Dataset content: Begin

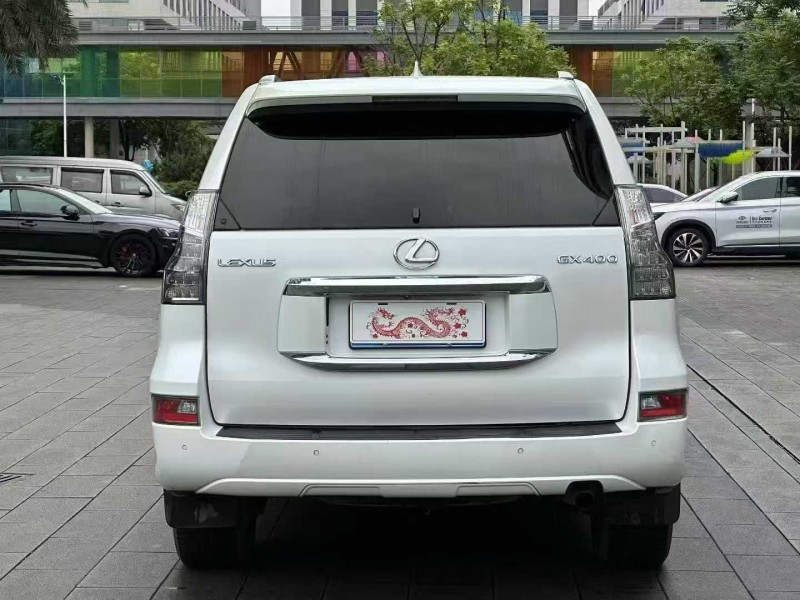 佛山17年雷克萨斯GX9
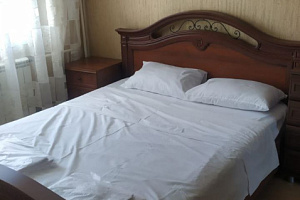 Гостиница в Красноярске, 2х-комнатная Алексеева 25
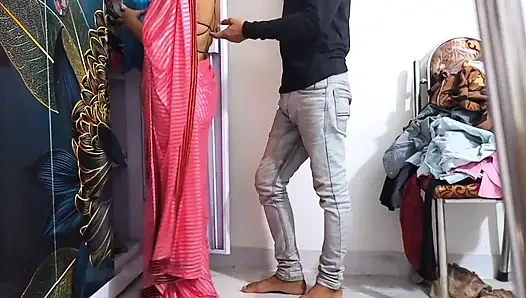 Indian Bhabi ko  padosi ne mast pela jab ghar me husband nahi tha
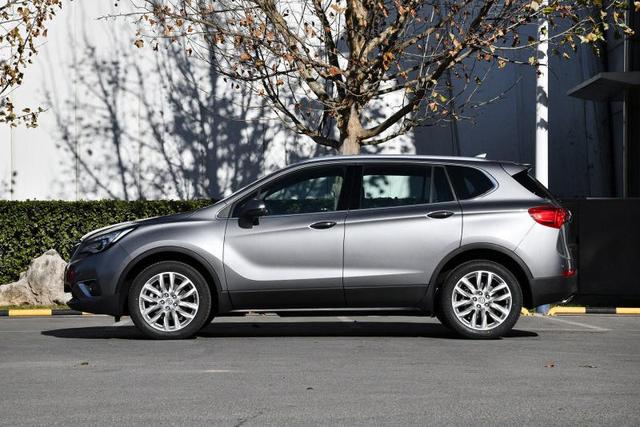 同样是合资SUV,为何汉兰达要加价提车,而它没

Dataset content: End

▶ **Task**:
Write out the data above exactly, minus any images.

▶ **Problem solution**:
 佛山17年雷克萨斯GX9
 Гостиница в Красноярске, 2х-комнатная Алексеева 25
 Indian Bhabi ko  padosi ne mast pela jab ghar me husband nahi tha
 同样是合资SUV,为何汉兰达要加价提车,而它没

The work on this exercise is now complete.